Give me a cirrus jet and a way to pay for it and I might change my mind 😛
 
Florida is the state that DEFINITELY needed less guard rails protecting the quality of health care within their state.

When RFK Jr is in Tampa prescribing folks hydroxychloroquine penile suppositories to make their dong bigger, this will look like a much worse idea.
Quite the visual.
 
There's no pattern I can see, and some of the most insane stuff I've ever seen came from people with board certification. But, that's anecdote, right?

The absolute scariest stuff without a doubt comes from the grandfathered boomers who trained in the pre-CT era and adopted very hypofractionated IMRT and SBRT plans on their own. I have just seen some wildly reckless stuff.

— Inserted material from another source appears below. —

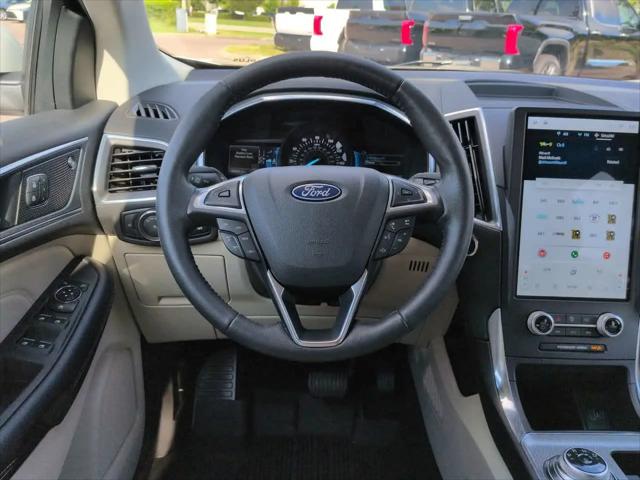 2021 Ford Edge Titanium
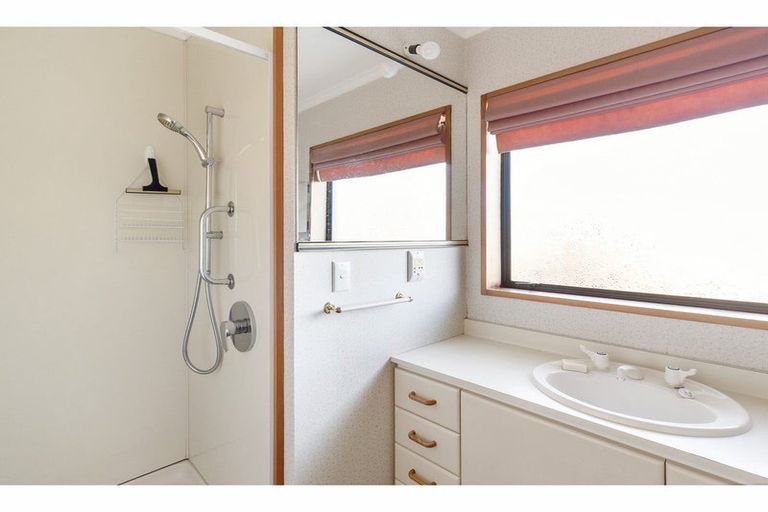 Photo of property in 2/200 Otipua Road, West End, Timaru, 7910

Meanwhile evicore boomers school me on how I can't give a modest SIB with IMRT for 5 fraction breast because "doses that high are too dangerous without data to show that's safe"
 
The absolute scariest stuff without a doubt comes from the grandfathered boomers who trained in the pre-CT era and adopted very hypofractionated IMRT and SBRT plans on their own. I have just seen some wildly reckless stuff.
Ding. Ding. Ding.

It's funny, I obviously engage a lot on here and other venues and talk about the problems facing the field.

But, at the end of the day, it's the stuff I hold back that really makes my skin crawl.
 
Board certification is supposed to be about protecting the public.

Is that what we're doing with this iteration of the system?
It's very very hard to prove that board certification works. Just as it's hard to prove the efficacy of most safety measures, particularly when things are pretty safe to begin with.

In the absence of actionable statistics (we are the stats gen here), hypotheticals are important.

Do you think that board certification requirements have ever prevented an incompetent med-stud or resident from practicing (now I know the converse is true, there are some brilliant and conscientious bad test takers out there)?

Do you think that board certification has ever prevented a mal administration of XRT?

I would say the answers to these questions are probably yes.
 
I have done the 20+ hour/week of driving thing before. For sure that will raise your risk of a fatal or career-ending MVA.
However, PPL GA is not even in the same league. It's a double edged sword. If you rarely fly then your odds of an incident go down because of less time in the air, however your risk of death goes up if there is a problem due to lack of currency. On the other hand, if you are in the air all the time, you are more current and better able to handle an emergency, but the risk of actually experiencing a potentially catastrophic event go way up.

I have < 200 flight hours. In those only 200 hours I have experienced:
- Inadvertent controlled flight into IMC
- Loss of vacuum pump while in IMC (single engine, single pilot, partial panel... good luck), thankfully I could dip out of the clouds quickly and fly visually.
- Spatial disorientation at night having to rely on GPS to find my way home.
- Passenger door flew open during flight
- Rapidly deteriorating weather resulting in severe turbulence on the edge of a thunderstorm (try reading instruments when your head is literally banging against the ceiling)
- Failed nose strut on landing

And not to mention the numerous times I took off in a single, knowing that if I lost the engine on climb out I would die (ie, impossible to clear the obstacle or no landing area straight ahead at wooded airports, etc).

That was enough for me. Not even close to being in the same league as driving a lot of miles. Do it long enough and you will become another doctor-pilot statistic. It's fun, but I can't in good conscious argue that people should do it as a reasonable way of commuting to #750 gigs.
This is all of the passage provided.